Source records:
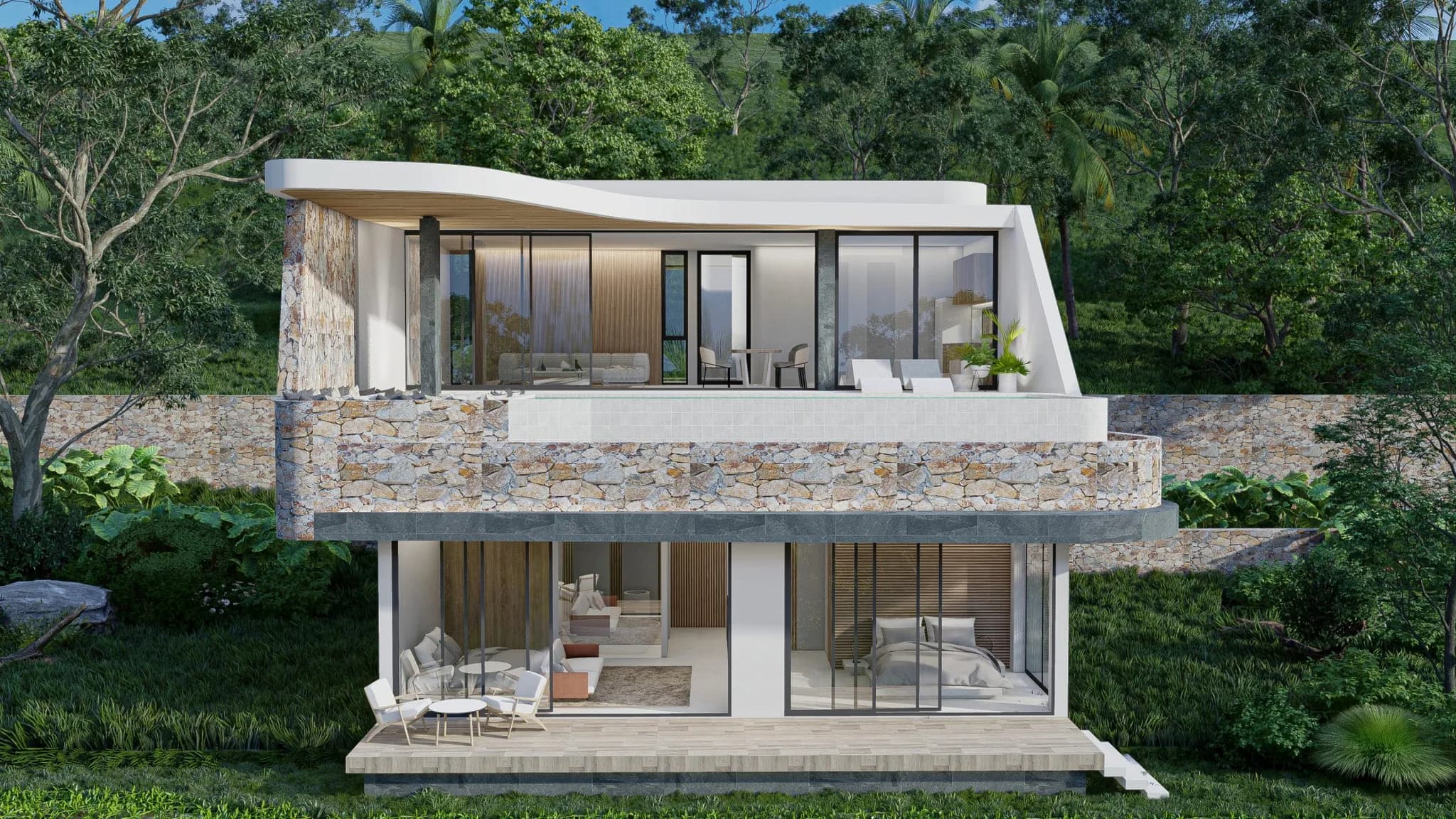 Luxury and modern 3 bedroom villa with stunning sea views in the secured residence in Maenam – VIL0457 — view 1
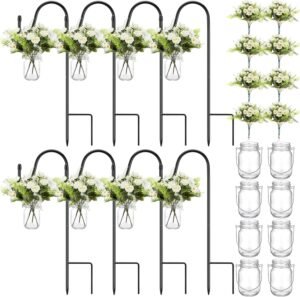 8 Sets Wedding Aisle Decoration Include 16 oz Rose Daisy Hanging Mason Jar 32 Shepherds Hooks Rustic Mason Jar with Faux Rose and Daisy for Outdoor Wedding Isle Ceremony Decorations
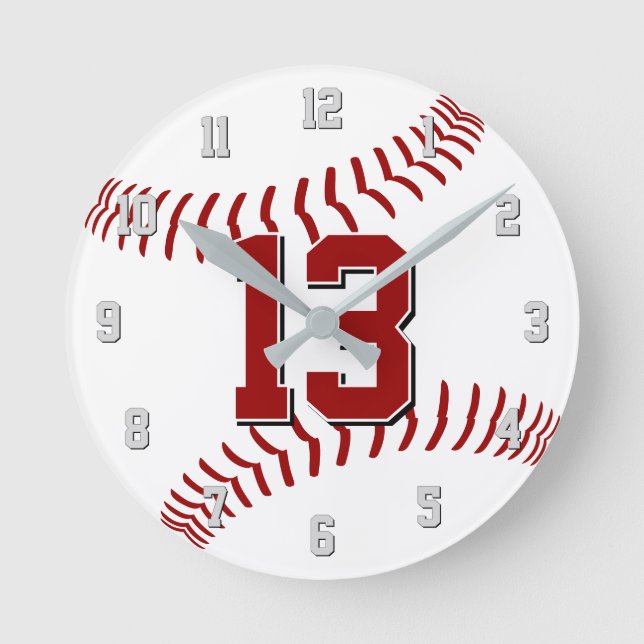 choose your own colors baseball round clock (Front)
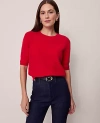 Ann Taylor Stitch Sweater Tee In Red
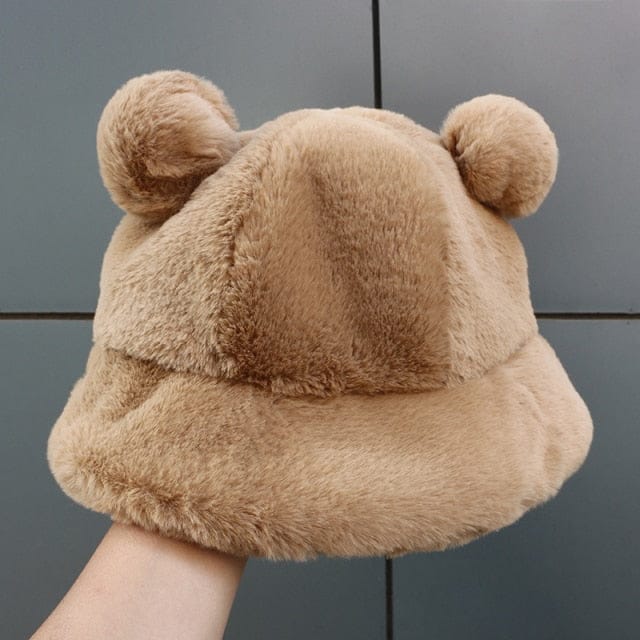 Fluffy Teddy Ears Bucket Hat Khaki Clothing and Accessories The Kawaii Shoppu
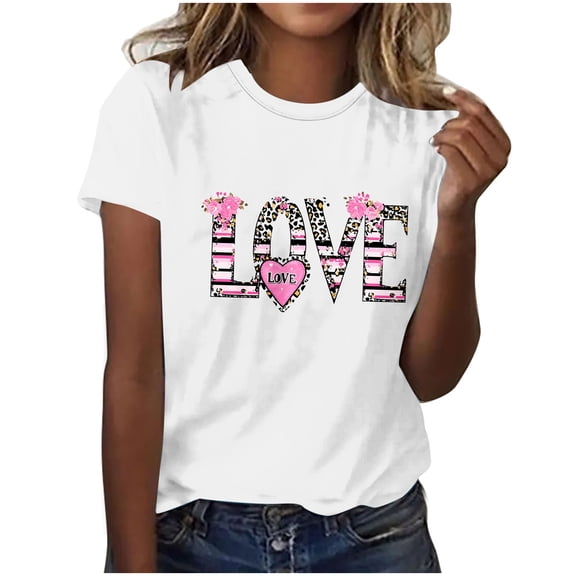 asdoklhq Women's Lace Trim Valentine's Day T-Shirts Women's Valentine's Day Printed Casual Short Sleeve Short Sleeve Crew Neck Top/shirt Multicolor M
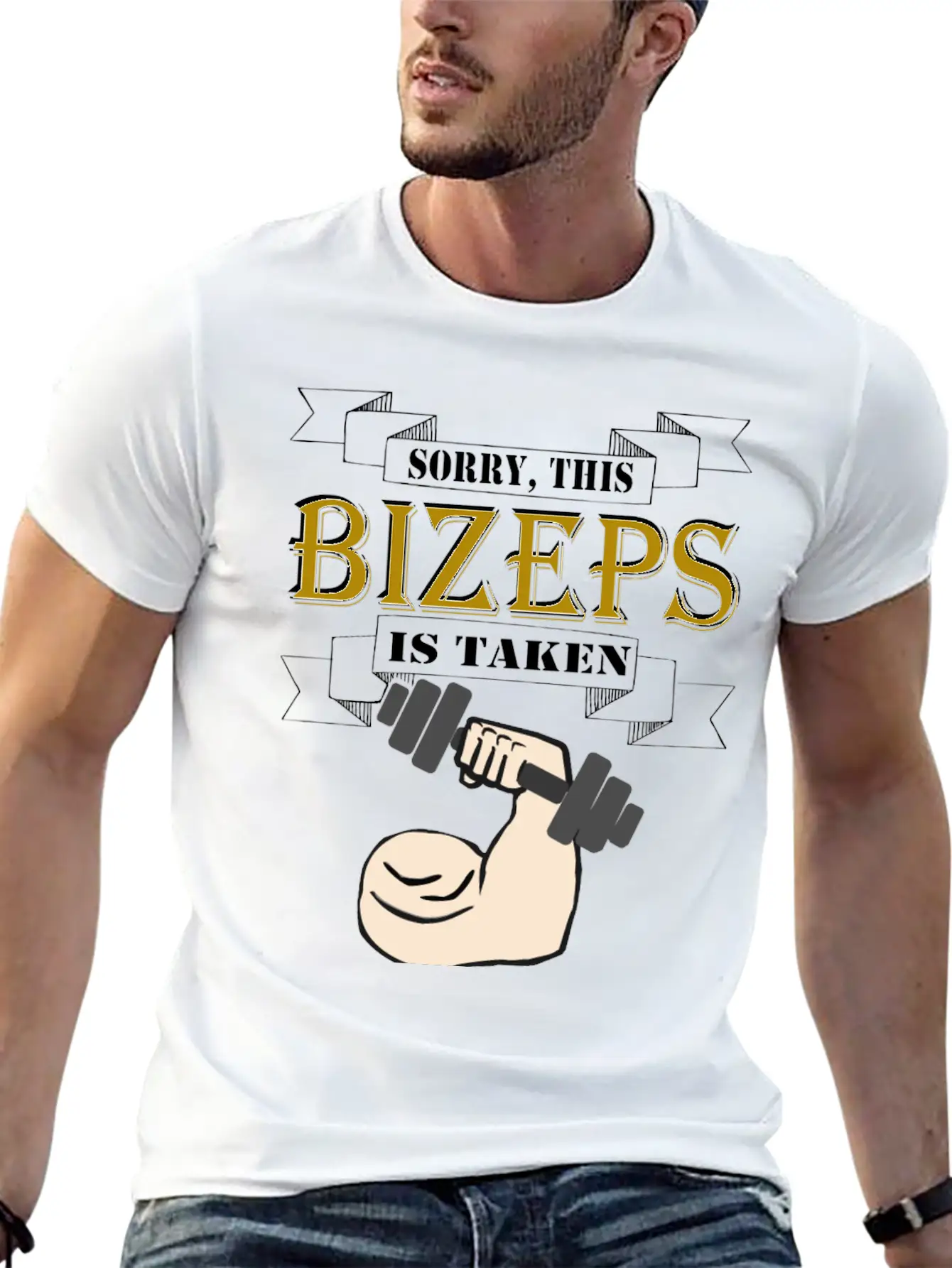 Sorry This Bizeps Is Taken Basic Graphic T-Shirt – Daily Comfort In Soft Cotton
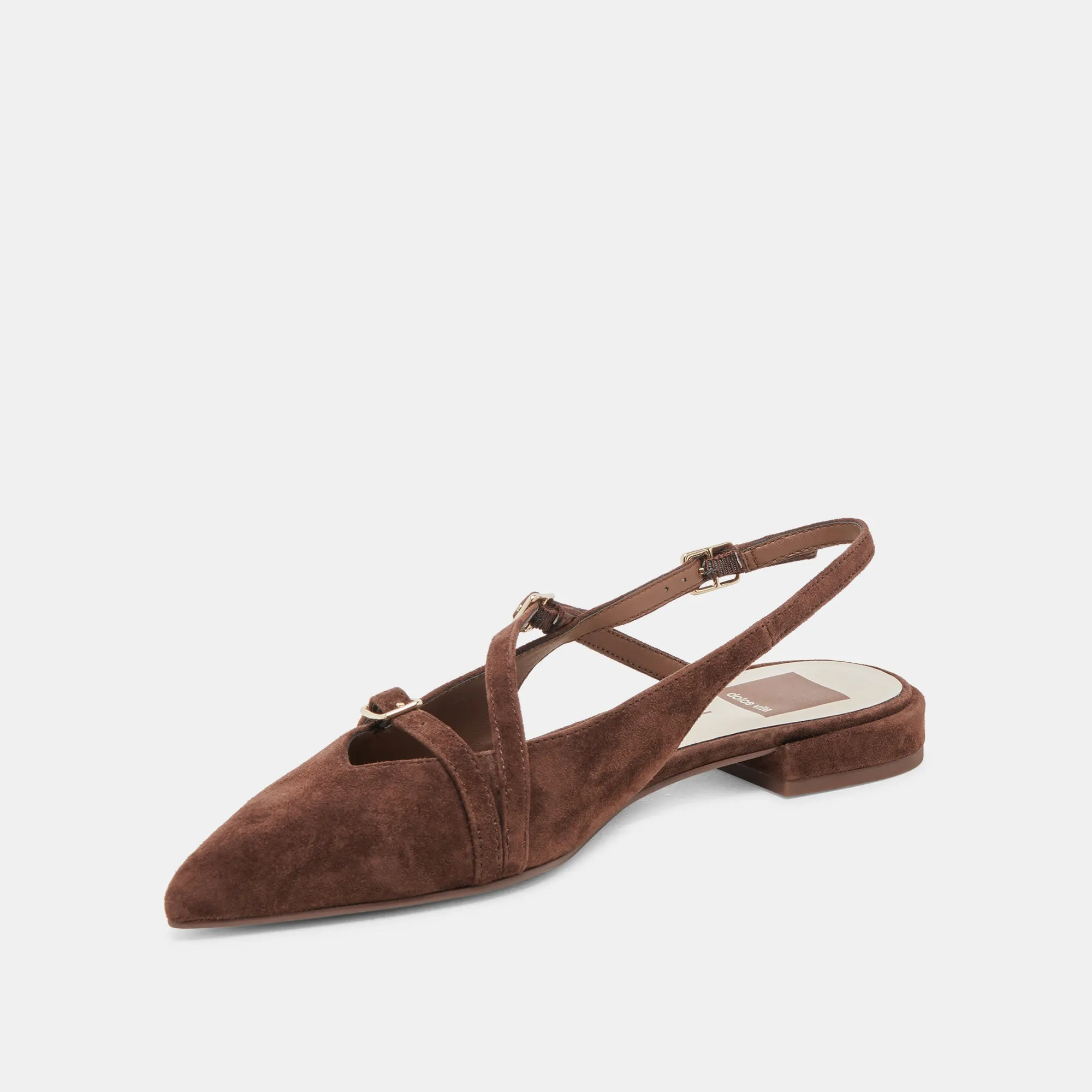 PAMLA FLATS DK BROWN SUEDE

#### What to do
Repeat the lines of the records verbatim, starting at the line containing "Ann Taylor Stitch Sweater Tee In Red" and stopping after the final line. Images stay out.

#### Solution to this exercise
 Ann Taylor Stitch Sweater Tee In Red
 Fluffy Teddy Ears Bucket Hat Khaki Clothing and Accessories The Kawaii Shoppu
 asdoklhq Women's Lace Trim Valentine's Day T-Shirts Women's Valentine's Day Printed Casual Short Sleeve Short Sleeve Crew Neck Top/shirt Multicolor M
 Sorry This Bizeps Is Taken Basic Graphic T-Shirt – Daily Comfort In Soft Cotton
 PAMLA FLATS DK BROWN SUEDE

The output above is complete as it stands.